- [Exercise material]:
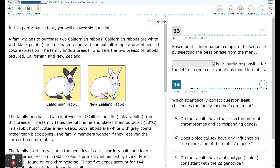Hello and welcome to the Scientific Adventures of Beardman. This section of the California Science Test, known as the CAST, is the practice test. Questions 33 through 38 will deal with performance tasks dealing with these rabbits you see here. So let's get on to question number 33.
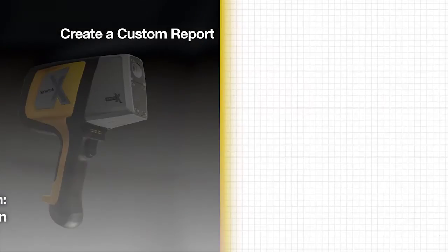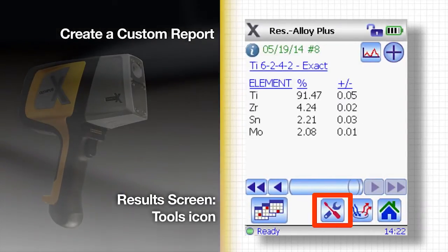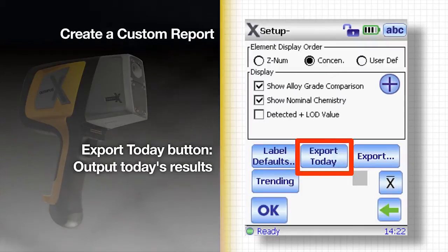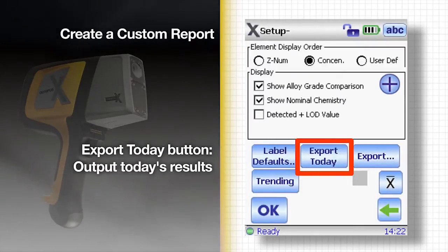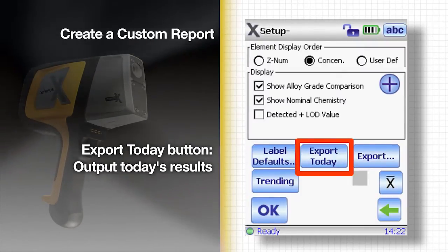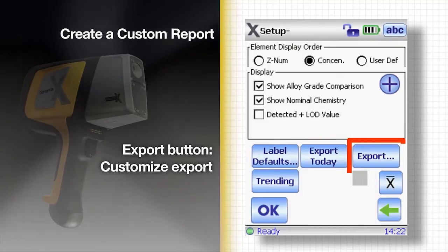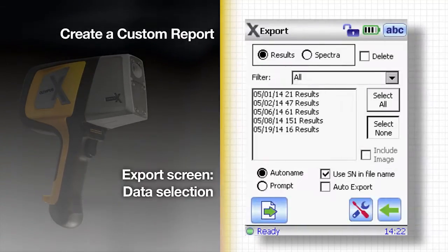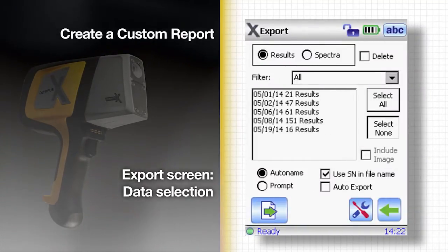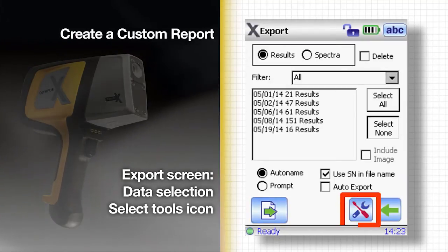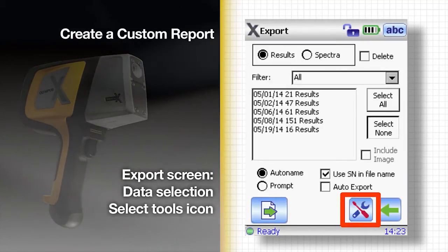On the results screen, tap the tool icon at the bottom of the screen. The export today button is a convenient shortcut to output today's test results. Tap the export button to customize. Here is where you can select what data you want to export. Select the tools icon again.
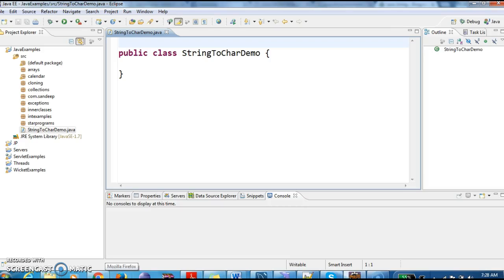Hi guys, welcome to java interview questions.com. This is Sandeer. Today we will write a program on how to convert string to character array in Java.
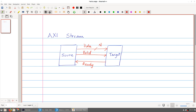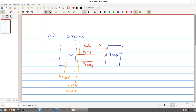In the next clock cycle, assuming that both valid and ready are still high, another piece of data will be transferred. It is up to the source to update the data on every clock cycle; if it does not have appropriate data it must make the valid signal low. Similarly, if the target is not ready it should make the ready signal low. In this protocol, the source is called the master and this interface is called the axis stream master interface, while the target is the slave with the axis slave interface.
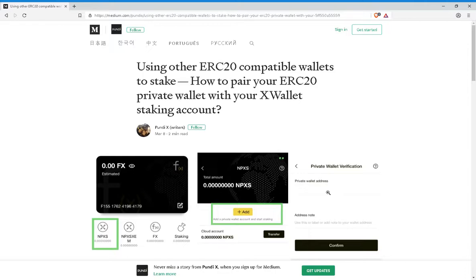Something to note is that after they send you the FunctionX tokens to your verified address, you'll have to transfer those FX tokens back to the address that Pundi X gives you. Once you send this back, this will serve as confirmation of your participation in the staking process for FunctionX.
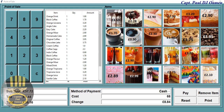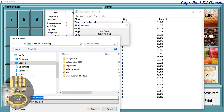Hi guys, and welcome to this advanced point of sales tutorial developed using Python. Let me show you how this works. First, I'm going to show you how the print function works — click on print to print out all the items. There we go, look at that.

- [What the task requires]:
Transcribe every record above in full. Pictures stay out of the copy.

- [Exercise output]:
Hello and welcome to the Scientific Adventures of Beardman. This section of the California Science Test, known as the CAST, is the practice test. Questions 33 through 38 will deal with performance tasks dealing with these rabbits you see here. So let's get on to question number 33.
On the results screen, tap the tool icon at the bottom of the screen. The export today button is a convenient shortcut to output today's test results. Tap the export button to customize. Here is where you can select what data you want to export. Select the tools icon again.
Hi guys, welcome to java interview questions.com. This is Sandeer. Today we will write a program on how to convert string to character array in Java.
In the next clock cycle, assuming that both valid and ready are still high, another piece of data will be transferred. It is up to the source to update the data on every clock cycle; if it does not have appropriate data it must make the valid signal low. Similarly, if the target is not ready it should make the ready signal low. In this protocol, the source is called the master and this interface is called the axis stream master interface, while the target is the slave with the axis slave interface.
Something to note is that after they send you the FunctionX tokens to your verified address, you'll have to transfer those FX tokens back to the address that Pundi X gives you. Once you send this back, this will serve as confirmation of your participation in the staking process for FunctionX.
Hi guys, and welcome to this advanced point of sales tutorial developed using Python. Let me show you how this works. First, I'm going to show you how the print function works — click on print to print out all the items. There we go, look at that.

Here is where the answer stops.